A equipa adversária marca um golo e o espectador, que já olhava o ecrã como quem a partir do banco do réu adivinha na fisionomia do juiz uma sentença desfavorável, vira-se agora para o tecto com expressão lancinante e um nó na garganta a avaliar a solidez de imaginárias traves de carvalho. Dois minutos depois, um terceiro golo fá-lo levar as mãos à cara, comprimindo-a e abrindo uma excruciante boca como o gritador de Munch, com o mesmo silêncio estridente.
A disputa acaba com o resultado de quatro a três (bastava o empate) e ouve-se-lhe a primeira observação em voz alta enquanto se levanta para pagar: «Poderia ter sido sempre um jogo calmo…».
Se o tomarmos como barómetro, somos levados a suspeitar, para lá das palavras, que o espectador não se referia à ocasião do 4-2 mas ao minuto zero, ao próprio apito inicial, como momento em que o jogo deixou de ser calmo.

terça-feira, 1 de novembro de 2022

O senhor Palomar e o amor sáfico

Vêm de mãos dadas e ele, em passo de jogging, capta-lhes na distância um semblante que hesita em definir como semi-erguido em desafio ou meio abatido de embaraço. À medida que se aproximam, pergunta-se, com ligeiro desassossego: vincam com ousadia a sinceridade dos dedos entrelaçados ou preparam-se para baixar os rostos acossados?

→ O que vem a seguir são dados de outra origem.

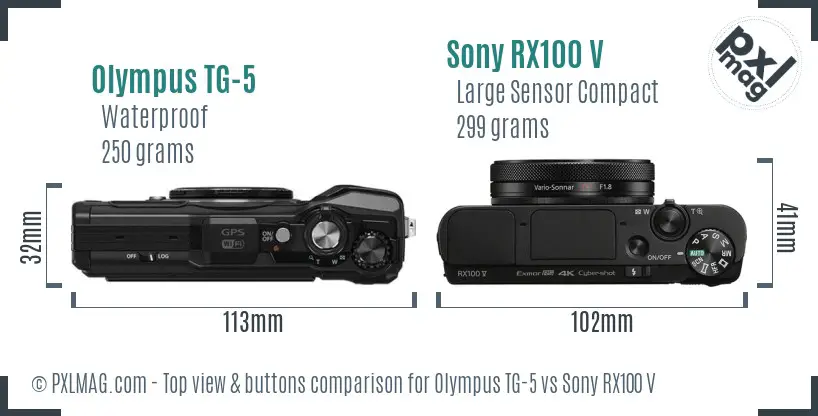 Olympus TG-5 vs Sony RX100 V top view buttons comparison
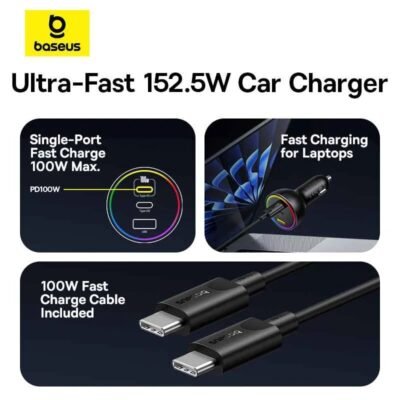 Baseus Multi-Port Fast Charge Car Charger C+C+U 152.5W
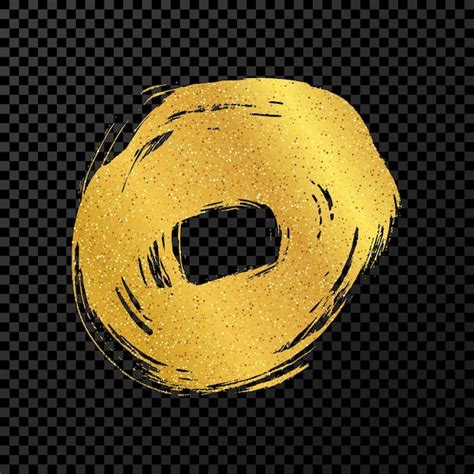 Premium Vector Gold Grunge Brush Strokes In Circle Form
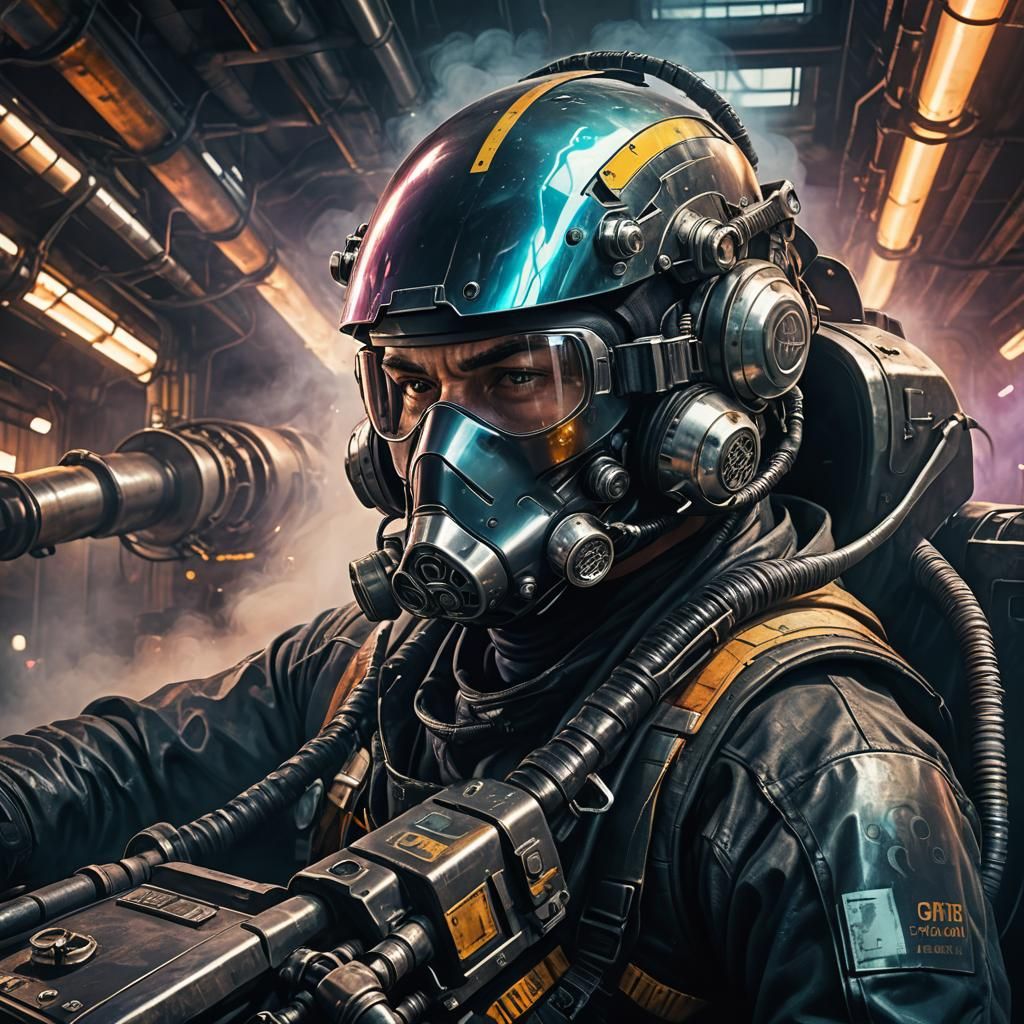 Cyberpunk Driver in High-Tech Car Spewing Fumes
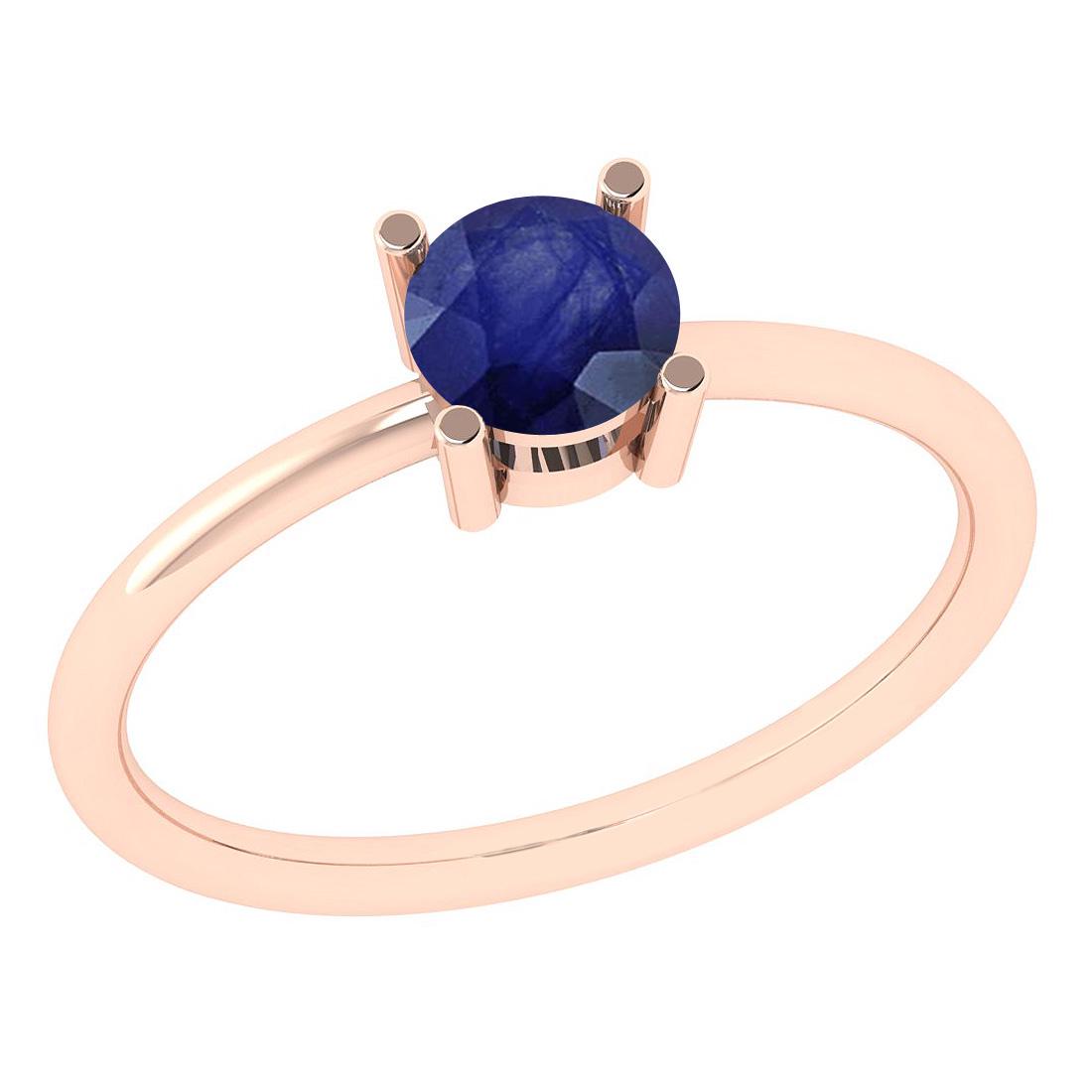 Certified 0.50 Ctw Blue Sapphire 18K Rose Gold Solitair: Certified 0.50 Ctw Blue Sapphire 18K Rose Gold Solitaire Ring -- Color Stone Approx Weight: 0.50 Ctw (1 pcs Round) Center Stone Color: Blue Sapphire Center Stone Setting: Prong Metal Approx Weight: 2.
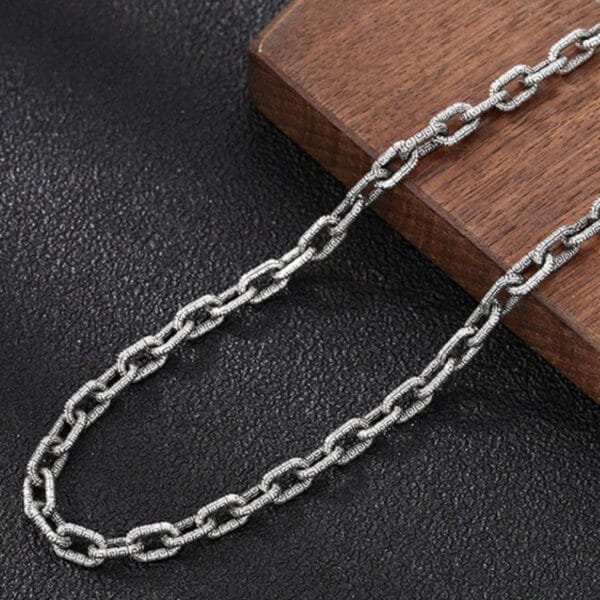 5.5mm Men's Sterling Silver Oriental Pattern Oval Link Chain 20??-28?? - Image 3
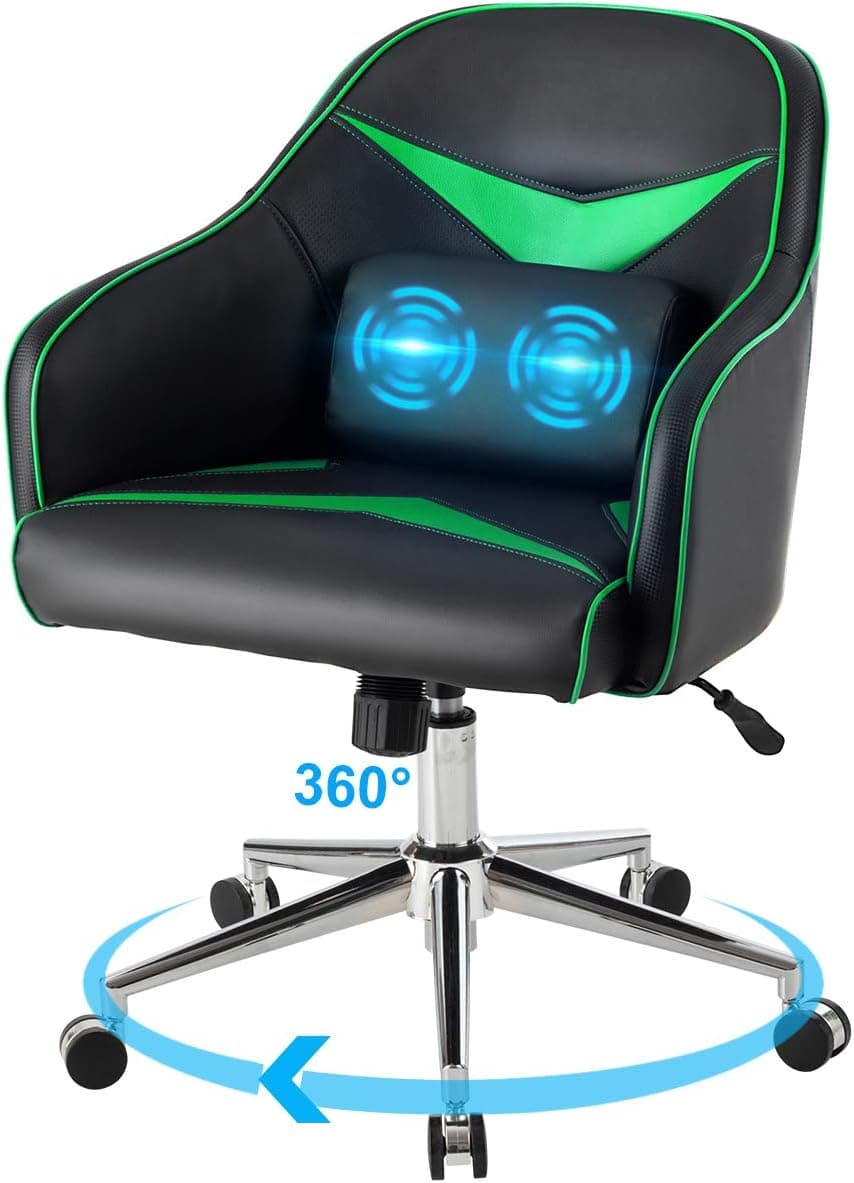 POWERSTONE Adjustable Salon Stool Chair with Backrest Rolling Swivel Hydraulic Stool PU Leather Girls Chairs for Bedroom Beauty Barber Medical Tattoo Facial Massage Spa, Green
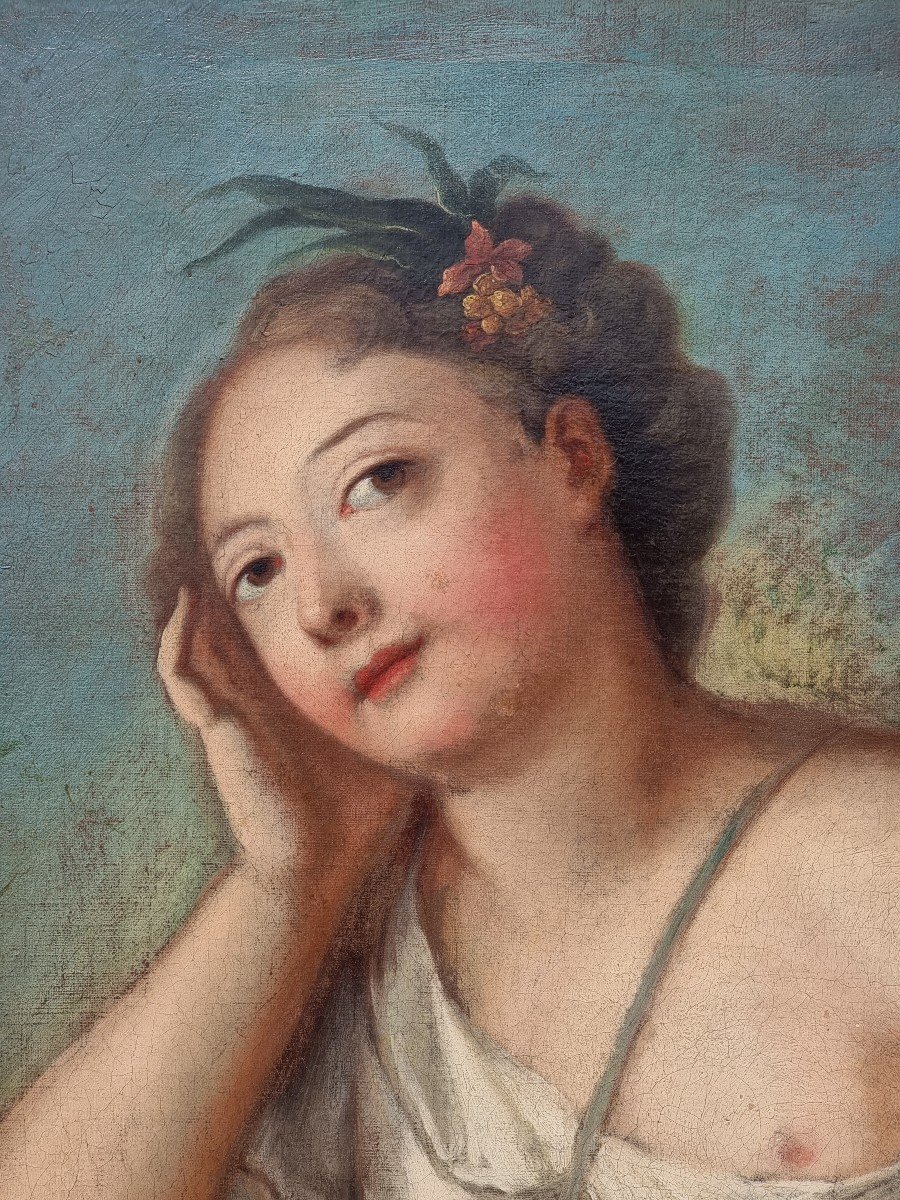 Peinture à l'Huile Sur Toile Du XVIIIe Siècle Représentation d'Une Jeune Nymphe Aquatique,-photo-3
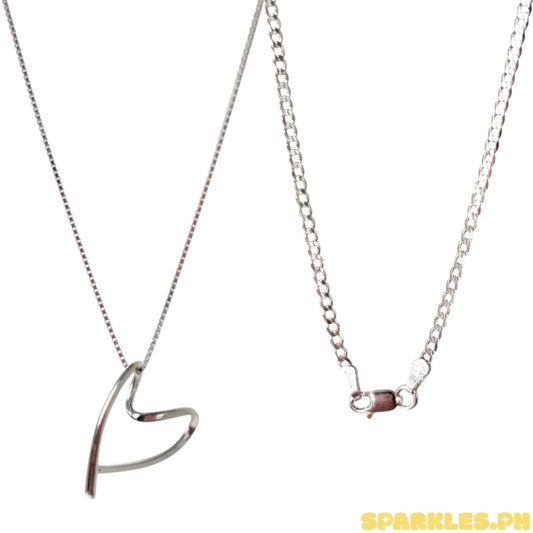 92.5 Sterling Silver - Box Chain 18” + 92.5 Sterling Silver - Line Heart Pendant + 92.5 Sterling Silver - 2mm Cadena Chain 16"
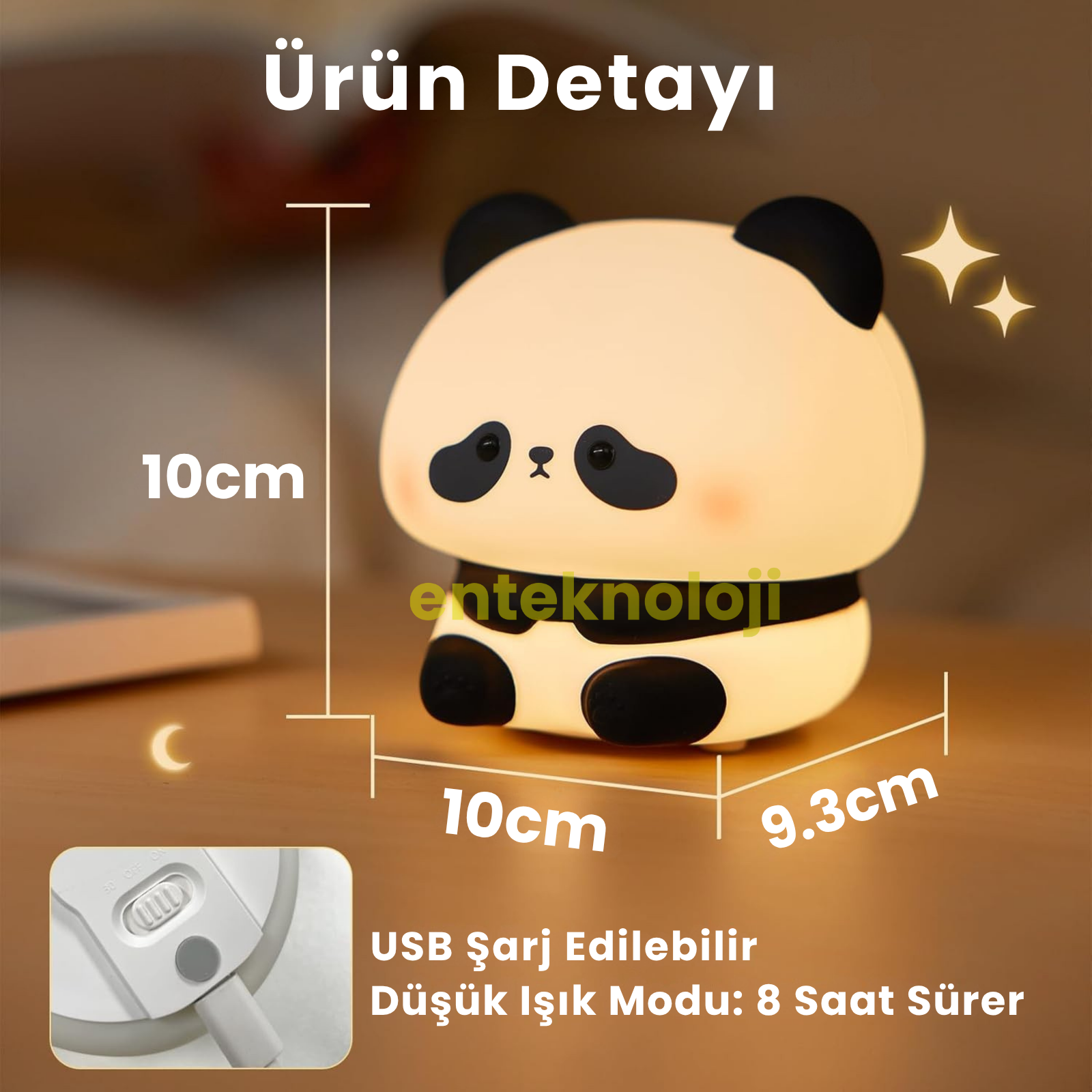Panda Figürlü Gece Lambası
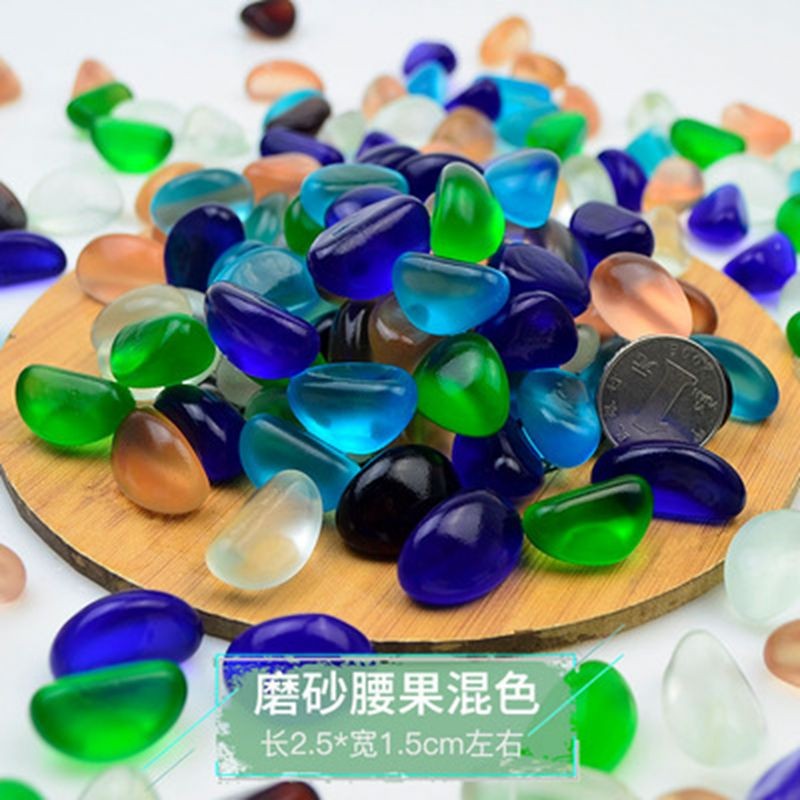 雨花石沙石头装饰铺底石鹅卵石溪流石雨林沙底沙 磨砂腰果石混色2斤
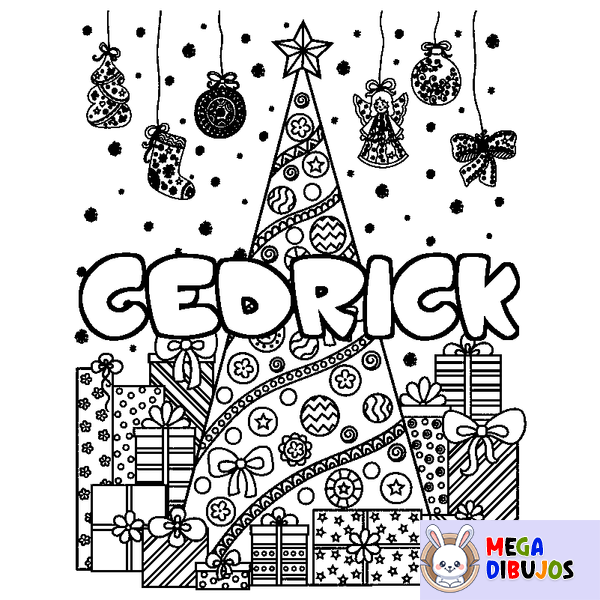 Coloraci&oacute;n del nombre CEDRICK - decorado &aacute;rbol de Navidad y regalos
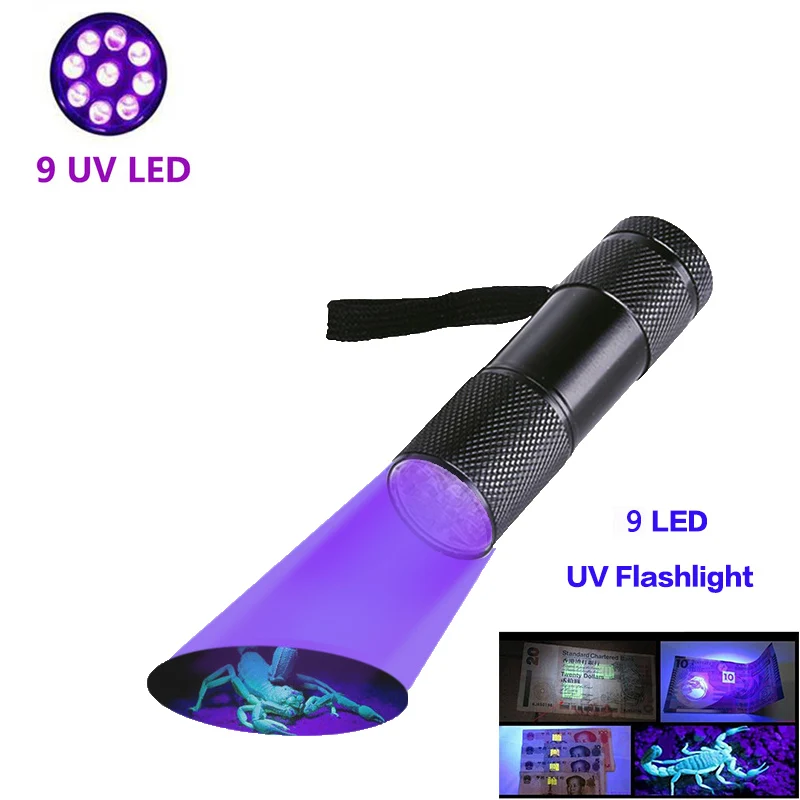 9 LED УФ-светильник, черный светильник, 9 12 21 51 светодиодный 395 нм Ультрафиолетовый фонарь, черный светильник, детектор для сухого моча животных и пятен домашних животных и клопов z50 - Испускаемый цвет: 9 LED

A consciência da situação faz com que a dúvida se vire depois para si próprio e então hesita entre olhar brevemente com naturalidade ou desviar os olhos sem demora. Se optar pela primeira hipótese, será convincente a sua lhaneza, não se sentirão as moças objecto de curiosidade circense ou censura arrogante? Por outro lado, se escolher deixar de olhar agora, com pudor e respeito pela intimidade alheia, não pensarão que ele o faz precipitadamente por indignação ou nojo?

O dilema é resolvido pela intervenção de uma força de outra natureza: vence a curiosidade literária, que o incita a procurar sem rebuço nem mandado personagens em todos os transeuntes. Flanqueia-as a olhá-las com esbaforido olhar clínico, imaginando-as na mesa do anatomista, não se dando conta de que, desta vez, no hiato onde ocorrem os dilemas absurdos, é ele a personagem.